A few things heard and overheard in the hallways, walkways, and byways of the fall ERE conference in Chicago, or floating around the Internet and social media last week:
- Recroup has been used to make a hire for the first time, by the Royal Bank of Canada. Recroup (whose current offering is explained here) is aiming to move into the business of social-media aggregation (which includes some of the companies mentioned here). But, unlike some other social-media aggregators, Recroup would like to handle all jobs, not focus just on IT. It’d also like to partner with jobboards, placing an API on their sites.
- Remember those “pay-per-applicant” ads I mentioned in the spring? The CEO, Chris Forman, of the company behind them, AppCast, says the company is “exploding” with growth.

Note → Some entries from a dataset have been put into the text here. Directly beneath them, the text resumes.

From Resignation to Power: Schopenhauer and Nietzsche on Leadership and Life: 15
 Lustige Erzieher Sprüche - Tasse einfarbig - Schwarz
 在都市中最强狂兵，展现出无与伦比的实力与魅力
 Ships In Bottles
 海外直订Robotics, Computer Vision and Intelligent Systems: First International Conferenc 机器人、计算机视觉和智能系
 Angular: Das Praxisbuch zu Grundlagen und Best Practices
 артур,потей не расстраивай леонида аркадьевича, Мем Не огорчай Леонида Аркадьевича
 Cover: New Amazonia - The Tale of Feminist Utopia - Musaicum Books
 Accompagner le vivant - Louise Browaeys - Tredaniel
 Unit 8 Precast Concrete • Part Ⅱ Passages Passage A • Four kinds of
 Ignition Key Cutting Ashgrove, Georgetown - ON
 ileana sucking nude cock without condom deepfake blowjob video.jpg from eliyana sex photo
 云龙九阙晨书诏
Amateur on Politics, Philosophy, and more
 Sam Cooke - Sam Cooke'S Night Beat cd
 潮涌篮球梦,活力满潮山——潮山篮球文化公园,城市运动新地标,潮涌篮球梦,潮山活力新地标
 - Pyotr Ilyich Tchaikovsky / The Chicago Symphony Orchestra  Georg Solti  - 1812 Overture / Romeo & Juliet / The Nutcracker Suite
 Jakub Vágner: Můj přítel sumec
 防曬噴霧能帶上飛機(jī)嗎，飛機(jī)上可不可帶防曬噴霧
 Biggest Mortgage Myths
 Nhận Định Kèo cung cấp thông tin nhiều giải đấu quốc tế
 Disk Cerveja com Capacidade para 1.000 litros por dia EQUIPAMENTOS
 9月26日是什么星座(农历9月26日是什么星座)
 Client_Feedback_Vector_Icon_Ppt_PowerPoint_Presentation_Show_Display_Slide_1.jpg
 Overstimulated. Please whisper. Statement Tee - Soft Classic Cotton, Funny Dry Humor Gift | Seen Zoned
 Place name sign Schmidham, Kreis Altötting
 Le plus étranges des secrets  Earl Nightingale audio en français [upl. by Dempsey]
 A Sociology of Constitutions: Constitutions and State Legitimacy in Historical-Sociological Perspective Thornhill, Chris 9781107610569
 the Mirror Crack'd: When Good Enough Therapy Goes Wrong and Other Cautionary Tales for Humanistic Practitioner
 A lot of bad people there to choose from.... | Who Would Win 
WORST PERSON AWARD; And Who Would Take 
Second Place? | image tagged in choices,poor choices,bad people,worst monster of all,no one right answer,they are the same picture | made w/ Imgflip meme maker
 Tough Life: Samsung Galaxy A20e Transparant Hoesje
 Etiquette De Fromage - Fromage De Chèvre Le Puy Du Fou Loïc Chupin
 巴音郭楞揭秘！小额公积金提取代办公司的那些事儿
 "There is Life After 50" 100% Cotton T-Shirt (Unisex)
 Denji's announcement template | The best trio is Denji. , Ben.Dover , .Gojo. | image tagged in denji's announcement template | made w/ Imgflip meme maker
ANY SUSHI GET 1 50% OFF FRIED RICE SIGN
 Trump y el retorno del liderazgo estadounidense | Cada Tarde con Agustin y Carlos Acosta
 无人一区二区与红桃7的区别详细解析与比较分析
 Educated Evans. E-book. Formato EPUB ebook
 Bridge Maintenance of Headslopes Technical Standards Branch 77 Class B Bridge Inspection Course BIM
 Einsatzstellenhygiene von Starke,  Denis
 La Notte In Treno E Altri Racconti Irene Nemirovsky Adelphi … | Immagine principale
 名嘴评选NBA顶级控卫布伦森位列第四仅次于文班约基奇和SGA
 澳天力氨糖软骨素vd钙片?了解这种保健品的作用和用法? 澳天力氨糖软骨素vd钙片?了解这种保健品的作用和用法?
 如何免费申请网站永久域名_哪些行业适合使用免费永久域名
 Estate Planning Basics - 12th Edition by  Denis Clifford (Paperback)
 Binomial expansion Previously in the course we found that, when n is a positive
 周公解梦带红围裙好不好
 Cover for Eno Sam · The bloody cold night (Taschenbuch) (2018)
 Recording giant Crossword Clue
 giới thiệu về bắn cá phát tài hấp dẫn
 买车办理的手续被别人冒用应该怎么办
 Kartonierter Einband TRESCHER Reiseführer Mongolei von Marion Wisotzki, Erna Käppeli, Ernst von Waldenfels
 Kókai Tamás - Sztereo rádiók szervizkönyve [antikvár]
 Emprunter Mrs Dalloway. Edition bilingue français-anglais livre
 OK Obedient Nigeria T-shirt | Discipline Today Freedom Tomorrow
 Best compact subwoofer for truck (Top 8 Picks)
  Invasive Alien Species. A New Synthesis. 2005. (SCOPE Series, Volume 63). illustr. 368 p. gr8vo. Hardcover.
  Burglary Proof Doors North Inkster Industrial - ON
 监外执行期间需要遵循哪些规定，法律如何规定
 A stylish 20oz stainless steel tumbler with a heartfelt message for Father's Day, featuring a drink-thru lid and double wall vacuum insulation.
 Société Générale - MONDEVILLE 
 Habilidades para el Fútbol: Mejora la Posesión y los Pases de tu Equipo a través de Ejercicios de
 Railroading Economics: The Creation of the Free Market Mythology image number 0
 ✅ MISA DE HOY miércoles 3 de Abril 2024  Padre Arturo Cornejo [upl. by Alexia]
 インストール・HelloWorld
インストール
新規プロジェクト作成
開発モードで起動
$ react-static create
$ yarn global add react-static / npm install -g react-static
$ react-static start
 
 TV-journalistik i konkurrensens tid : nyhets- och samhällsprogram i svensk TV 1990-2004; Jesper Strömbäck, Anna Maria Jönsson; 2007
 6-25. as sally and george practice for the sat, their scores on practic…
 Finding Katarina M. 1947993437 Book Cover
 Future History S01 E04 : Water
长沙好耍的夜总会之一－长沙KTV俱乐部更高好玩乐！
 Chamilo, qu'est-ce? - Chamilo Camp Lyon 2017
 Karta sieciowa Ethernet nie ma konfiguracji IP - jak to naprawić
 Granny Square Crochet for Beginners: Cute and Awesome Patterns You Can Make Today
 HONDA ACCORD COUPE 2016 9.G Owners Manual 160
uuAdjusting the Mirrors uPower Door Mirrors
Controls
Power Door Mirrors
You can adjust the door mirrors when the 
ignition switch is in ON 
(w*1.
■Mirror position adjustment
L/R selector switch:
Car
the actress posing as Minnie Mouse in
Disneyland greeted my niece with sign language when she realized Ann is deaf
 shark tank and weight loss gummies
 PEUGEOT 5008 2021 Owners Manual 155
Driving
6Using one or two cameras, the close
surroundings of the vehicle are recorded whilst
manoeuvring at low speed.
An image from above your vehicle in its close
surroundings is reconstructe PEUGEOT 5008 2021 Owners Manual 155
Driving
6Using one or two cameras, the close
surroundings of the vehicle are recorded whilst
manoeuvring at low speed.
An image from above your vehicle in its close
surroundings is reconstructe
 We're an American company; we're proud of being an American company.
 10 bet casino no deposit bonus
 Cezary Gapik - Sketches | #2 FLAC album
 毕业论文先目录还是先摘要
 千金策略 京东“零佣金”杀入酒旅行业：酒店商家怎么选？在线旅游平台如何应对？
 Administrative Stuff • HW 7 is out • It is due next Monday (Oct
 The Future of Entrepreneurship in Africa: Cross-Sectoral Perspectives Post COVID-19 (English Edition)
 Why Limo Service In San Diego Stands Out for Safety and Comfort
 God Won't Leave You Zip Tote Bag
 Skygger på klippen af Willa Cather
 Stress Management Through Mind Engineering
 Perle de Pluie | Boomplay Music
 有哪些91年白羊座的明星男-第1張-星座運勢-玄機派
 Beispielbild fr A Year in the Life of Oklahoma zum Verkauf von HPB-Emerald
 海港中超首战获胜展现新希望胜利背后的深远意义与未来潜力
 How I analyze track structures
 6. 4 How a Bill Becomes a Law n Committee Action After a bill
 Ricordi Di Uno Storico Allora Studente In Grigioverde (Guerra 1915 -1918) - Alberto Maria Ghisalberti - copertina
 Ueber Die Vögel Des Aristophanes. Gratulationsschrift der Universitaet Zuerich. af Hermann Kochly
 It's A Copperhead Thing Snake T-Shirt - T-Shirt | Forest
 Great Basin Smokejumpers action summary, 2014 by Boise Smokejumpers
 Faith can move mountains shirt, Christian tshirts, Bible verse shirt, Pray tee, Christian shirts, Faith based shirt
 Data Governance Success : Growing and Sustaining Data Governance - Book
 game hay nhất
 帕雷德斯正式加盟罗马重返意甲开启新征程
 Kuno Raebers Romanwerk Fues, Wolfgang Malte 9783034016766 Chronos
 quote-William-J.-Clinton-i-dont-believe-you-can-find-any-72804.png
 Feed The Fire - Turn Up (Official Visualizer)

- How about Goood Job: remember them? (No, that’s not a misspelling; that’s how the company does it.) While some competitors in the referral-technology genre have gone bye-bye, this one has not. EMC (in India) and Fidelity (in London) are among the companies that have recently signed on with Goood Job.
- You may know that Glassdoor hired Will Staney, previously at SAP/SuccessFactors, as a talent-acquisition leader. You may not know it’s bringing on Mariah Deleon as VP of people. Meanwhile, it’s readying a launch of a new feature on its website (more info coming on ERE.net), and in one of the talent-acquisition field’s worst-kept secrets, is working on an IPO.
- One startup you may not know: Toronto-based Ideal Candidate, matching salespeople with employers. Job seekers and top performers already on the payroll take a 20-minute assessment to measure compatibility. It’s another company in that social-job-matching genre that Charles Handler, who’s moderating a session Thursday about employee assessments, recently wrote about.
- Another startup I’ve heard about recently: Coffee. It’s an app (see FAQs) for entry-level job candidates, employees, and interns to meet hiring managers, company founders, and other job seekers and employees.